Dans ce même cadre, l’étude rappelle que la Tunisie a rejoint en 2014 l’initiative internationale sur la transparence dans les industries extractives (Eiti). Aussi, le ministère de l’Energie et des Mines a annoncé, en mai 2017, que la Tunisie a commencé à prendre les mesures nécessaires pour renforcer la transparence dans ce domaine. Cette initiative a été lancée pour la première fois en 2002 par le président du gouvernement britannique durant le Sommet mondial du développement durable à Johannesbourg, après des années de débats scientifiques et de pression de la part des sociétés civiles sur la question de la bonne gestion des recettes publiques provenant des industries extractives. Ainsi, l’Eiti a été mise en place pour répondre à ce débat public sur la malédiction des ressources.

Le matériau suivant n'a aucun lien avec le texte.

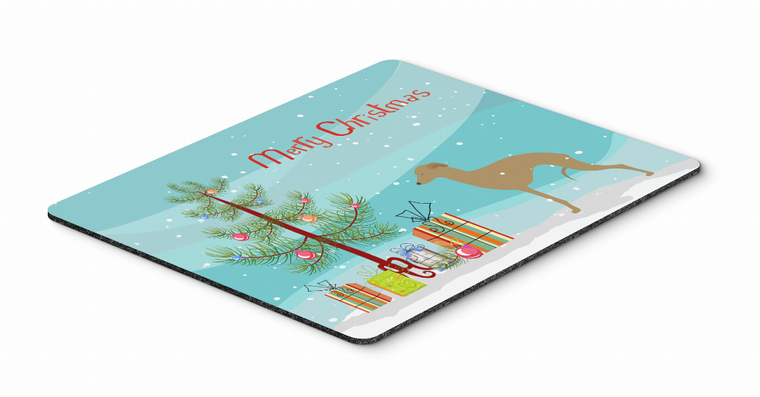 Dog Breed Merry Christmas Tree Mouse Pad, Hot Pad or Trivet - 638508475916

Toutefois, sept années après son adhésion à cette initiative, la Tunisie n’a pas du tout enregistré d’évolution dans sa gestion des ressources pétrolières et le procédé d’extraction, ainsi que toutes les étapes de la filière sont restées inchangées. La négligence des impacts sanitaires et environnementaux durant tout le processus est ainsi restée intacte. Aussi les habitants de la région et des militants environnementaux assurent dans leurs témoignages que la région a subi une surexploitation de ses nappes phréatiques, ce qui a impacté aussi directement la qualité du sol.

« Le droit à la vie doit être protégé par la loi mais il a aussi besoin de conditions environnementales propices à la continuité de la vie sur terre. En effet, sans air et eau propres et sans ressources environnementales durables, l’existence de l’Homme devient menacée. Néanmoins, malgré le cadre législatif national et les traités et conventions internationales, l’environnement dans le désert de Tataouine continue à être dégradé par les déchets pétroliers qui y sont déversés non loin des quartiers résidentiels, ce qui n’est pas sans impacter le réseau d’eau potable », ajoute la même source.

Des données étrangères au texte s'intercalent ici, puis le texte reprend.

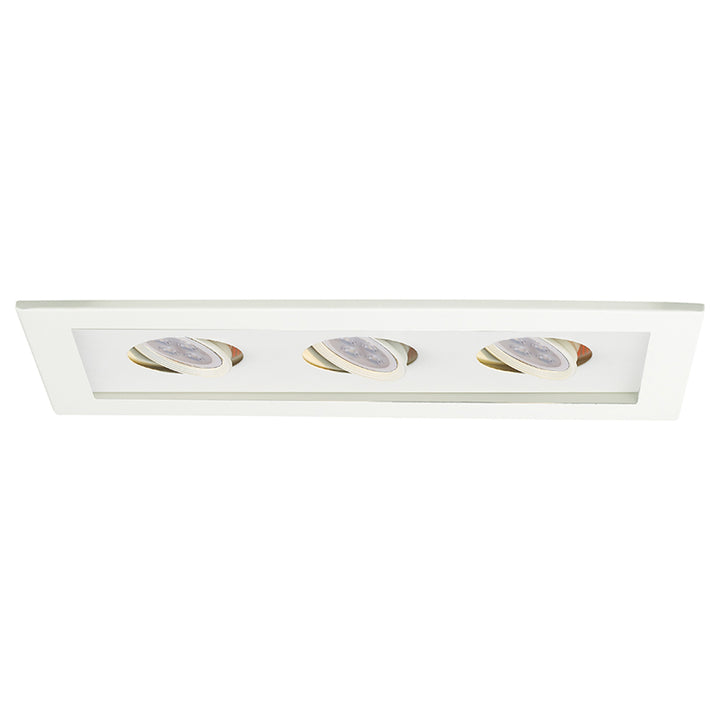 Wac Lighting MT-316LED-WT/WT  Mr16 Mult Recessed Light White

Des projets programmés, mais non réalisés

Afin d’améliorer la situation environnementale à Dehiba, le Gouvernement tunisien a programmé un projet visant à améliorer la qualité de l’eau, dans le cadre du programme de développement intégré de 2017 sous la responsabilité du commissariat général au développement régional, appartenant au ministère de Développement, de l’Investissement et de la Coopération internationale. L’étude du projet approuvé par le gouvernement de Youssef Chahed et le budget de 650.000 dinars qui lui a été consacré n’ont toutefois pas abouti à sa mise en œuvre. Cela reflète la négligence de l’Etat d’un secteur vital comme l’eau, menacé continuellement par la surexploitation et la contamination des nappes.

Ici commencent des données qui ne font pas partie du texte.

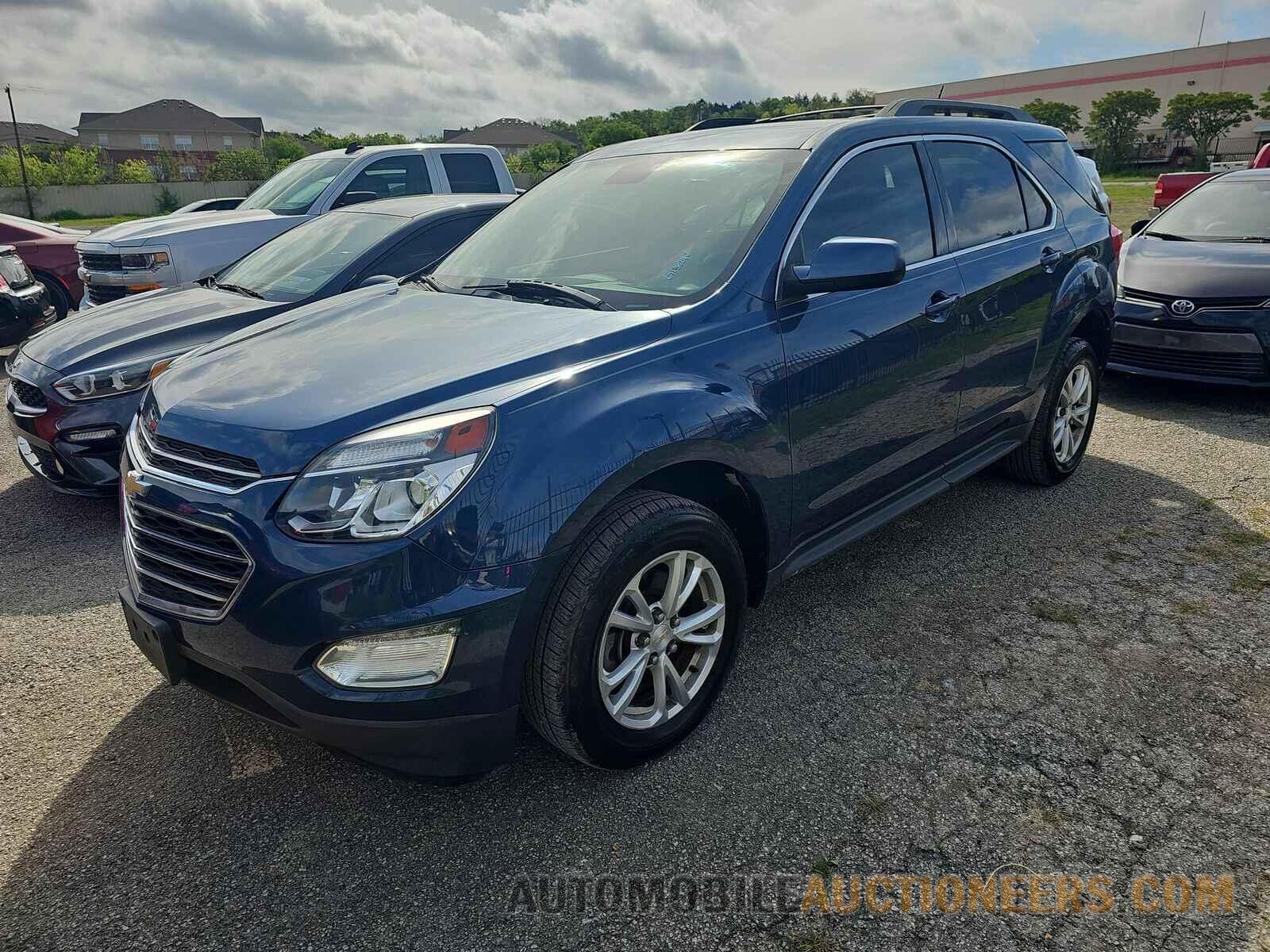 2GNALCEK7G6134259 Chevrolet Equinox LT 2016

Pour conclure, le document indique que la quête d’un environnement sain à Tataouine et dans tous les gouvernorats, qui connaissent une pollution et surexploitation de leurs ressources en eau par des sociétés extractives, est un sujet brûlant qui nécessite une intervention rapide de la part des autorités et de l’ensemble des agences responsables de la protection de l’environnement. Dans ce registre, l’intervention de l’Anpe reste très limitée face à une pollution galopante à Dehiba et El Borma. Par ailleurs, l’applicabilité des lois et conventions pour la protection de l’environnement doit être renforcée et effective, et les crises environnementales, comme celle vécue à Tataouine, devront être une priorité pour les décideurs en raison de l’impact fort de la dégradation de l’environnement sur la santé humaine.